* _Source records_:
--------------------------------

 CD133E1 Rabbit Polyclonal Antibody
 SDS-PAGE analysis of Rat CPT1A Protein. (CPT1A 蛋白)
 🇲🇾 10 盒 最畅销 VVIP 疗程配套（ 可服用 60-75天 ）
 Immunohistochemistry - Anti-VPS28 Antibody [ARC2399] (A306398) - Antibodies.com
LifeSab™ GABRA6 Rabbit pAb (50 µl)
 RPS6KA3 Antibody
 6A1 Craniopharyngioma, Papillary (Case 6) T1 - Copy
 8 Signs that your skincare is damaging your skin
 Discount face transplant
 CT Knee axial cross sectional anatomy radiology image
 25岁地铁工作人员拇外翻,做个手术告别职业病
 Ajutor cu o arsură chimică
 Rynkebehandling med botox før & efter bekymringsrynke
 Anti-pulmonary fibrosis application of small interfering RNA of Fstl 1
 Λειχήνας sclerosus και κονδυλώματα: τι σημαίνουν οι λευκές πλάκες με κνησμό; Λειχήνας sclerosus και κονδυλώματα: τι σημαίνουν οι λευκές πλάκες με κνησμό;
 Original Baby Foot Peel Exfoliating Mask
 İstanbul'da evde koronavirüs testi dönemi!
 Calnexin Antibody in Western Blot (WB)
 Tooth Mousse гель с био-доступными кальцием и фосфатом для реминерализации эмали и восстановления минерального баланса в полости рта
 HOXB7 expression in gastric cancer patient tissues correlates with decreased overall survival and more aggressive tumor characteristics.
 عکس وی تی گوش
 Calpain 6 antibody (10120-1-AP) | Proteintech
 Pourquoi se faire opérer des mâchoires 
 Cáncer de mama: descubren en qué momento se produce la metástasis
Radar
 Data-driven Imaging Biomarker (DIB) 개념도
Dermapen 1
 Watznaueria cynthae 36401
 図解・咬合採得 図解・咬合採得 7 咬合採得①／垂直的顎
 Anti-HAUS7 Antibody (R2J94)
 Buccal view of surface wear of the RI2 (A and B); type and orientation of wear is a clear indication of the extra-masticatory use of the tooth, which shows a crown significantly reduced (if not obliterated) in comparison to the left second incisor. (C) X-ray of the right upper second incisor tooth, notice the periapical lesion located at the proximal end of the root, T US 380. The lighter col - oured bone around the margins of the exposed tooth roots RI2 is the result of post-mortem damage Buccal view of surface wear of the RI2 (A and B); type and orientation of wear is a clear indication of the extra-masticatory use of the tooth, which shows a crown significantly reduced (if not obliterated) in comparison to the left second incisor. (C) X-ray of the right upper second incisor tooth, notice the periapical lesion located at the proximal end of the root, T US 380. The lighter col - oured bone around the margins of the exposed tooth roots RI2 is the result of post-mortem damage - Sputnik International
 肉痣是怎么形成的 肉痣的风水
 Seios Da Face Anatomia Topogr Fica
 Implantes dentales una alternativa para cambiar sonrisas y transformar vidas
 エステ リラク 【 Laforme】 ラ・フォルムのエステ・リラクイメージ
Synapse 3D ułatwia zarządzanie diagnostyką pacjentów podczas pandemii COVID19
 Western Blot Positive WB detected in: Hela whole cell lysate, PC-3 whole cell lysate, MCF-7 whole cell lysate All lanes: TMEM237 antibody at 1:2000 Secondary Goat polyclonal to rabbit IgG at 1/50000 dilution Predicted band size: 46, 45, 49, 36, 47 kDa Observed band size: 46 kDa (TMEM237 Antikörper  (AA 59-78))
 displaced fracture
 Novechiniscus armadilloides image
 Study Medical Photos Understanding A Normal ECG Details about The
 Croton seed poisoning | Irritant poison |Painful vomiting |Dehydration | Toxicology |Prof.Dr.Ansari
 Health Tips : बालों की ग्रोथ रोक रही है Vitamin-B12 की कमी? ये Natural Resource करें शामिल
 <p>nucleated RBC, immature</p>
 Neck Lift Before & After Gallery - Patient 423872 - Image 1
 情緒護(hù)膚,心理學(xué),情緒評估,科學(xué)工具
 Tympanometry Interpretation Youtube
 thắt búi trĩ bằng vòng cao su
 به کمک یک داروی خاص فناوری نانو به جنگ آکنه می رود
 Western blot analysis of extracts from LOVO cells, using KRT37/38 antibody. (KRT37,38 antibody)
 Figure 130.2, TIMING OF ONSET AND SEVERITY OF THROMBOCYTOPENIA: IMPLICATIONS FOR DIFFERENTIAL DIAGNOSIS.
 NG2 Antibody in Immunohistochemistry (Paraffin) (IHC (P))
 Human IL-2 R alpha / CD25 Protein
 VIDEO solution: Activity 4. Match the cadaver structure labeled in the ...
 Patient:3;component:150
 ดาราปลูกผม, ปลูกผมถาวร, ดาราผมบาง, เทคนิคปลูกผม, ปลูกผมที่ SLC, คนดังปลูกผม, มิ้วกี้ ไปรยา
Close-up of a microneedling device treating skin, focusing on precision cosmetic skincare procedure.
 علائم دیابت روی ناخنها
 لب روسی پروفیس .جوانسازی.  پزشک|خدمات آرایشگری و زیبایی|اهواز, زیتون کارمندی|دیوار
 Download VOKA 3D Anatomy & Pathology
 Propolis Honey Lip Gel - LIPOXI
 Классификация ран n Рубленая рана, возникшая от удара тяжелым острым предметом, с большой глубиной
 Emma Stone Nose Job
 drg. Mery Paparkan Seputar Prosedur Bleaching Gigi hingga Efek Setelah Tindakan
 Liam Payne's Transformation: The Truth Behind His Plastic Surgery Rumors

--------------------------------

* _Task to carry out_: Copy only the stretch running from the line containing "thắt búi trĩ bằng vòng cao su" to the final line of the entries, both ends included, exactly as it stands.

* _Answer below_:
 thắt búi trĩ bằng vòng cao su
 به کمک یک داروی خاص فناوری نانو به جنگ آکنه می رود
 Western blot analysis of extracts from LOVO cells, using KRT37/38 antibody. (KRT37,38 antibody)
 Figure 130.2, TIMING OF ONSET AND SEVERITY OF THROMBOCYTOPENIA: IMPLICATIONS FOR DIFFERENTIAL DIAGNOSIS.
 NG2 Antibody in Immunohistochemistry (Paraffin) (IHC (P))
 Human IL-2 R alpha / CD25 Protein
 VIDEO solution: Activity 4. Match the cadaver structure labeled in the ...
 Patient:3;component:150
 ดาราปลูกผม, ปลูกผมถาวร, ดาราผมบาง, เทคนิคปลูกผม, ปลูกผมที่ SLC, คนดังปลูกผม, มิ้วกี้ ไปรยา
Close-up of a microneedling device treating skin, focusing on precision cosmetic skincare procedure.
 علائم دیابت روی ناخنها
 لب روسی پروفیس .جوانسازی.  پزشک|خدمات آرایشگری و زیبایی|اهواز, زیتون کارمندی|دیوار
 Download VOKA 3D Anatomy & Pathology
 Propolis Honey Lip Gel - LIPOXI
 Классификация ран n Рубленая рана, возникшая от удара тяжелым острым предметом, с большой глубиной
 Emma Stone Nose Job
 drg. Mery Paparkan Seputar Prosedur Bleaching Gigi hingga Efek Setelah Tindakan
 Liam Payne's Transformation: The Truth Behind His Plastic Surgery Rumors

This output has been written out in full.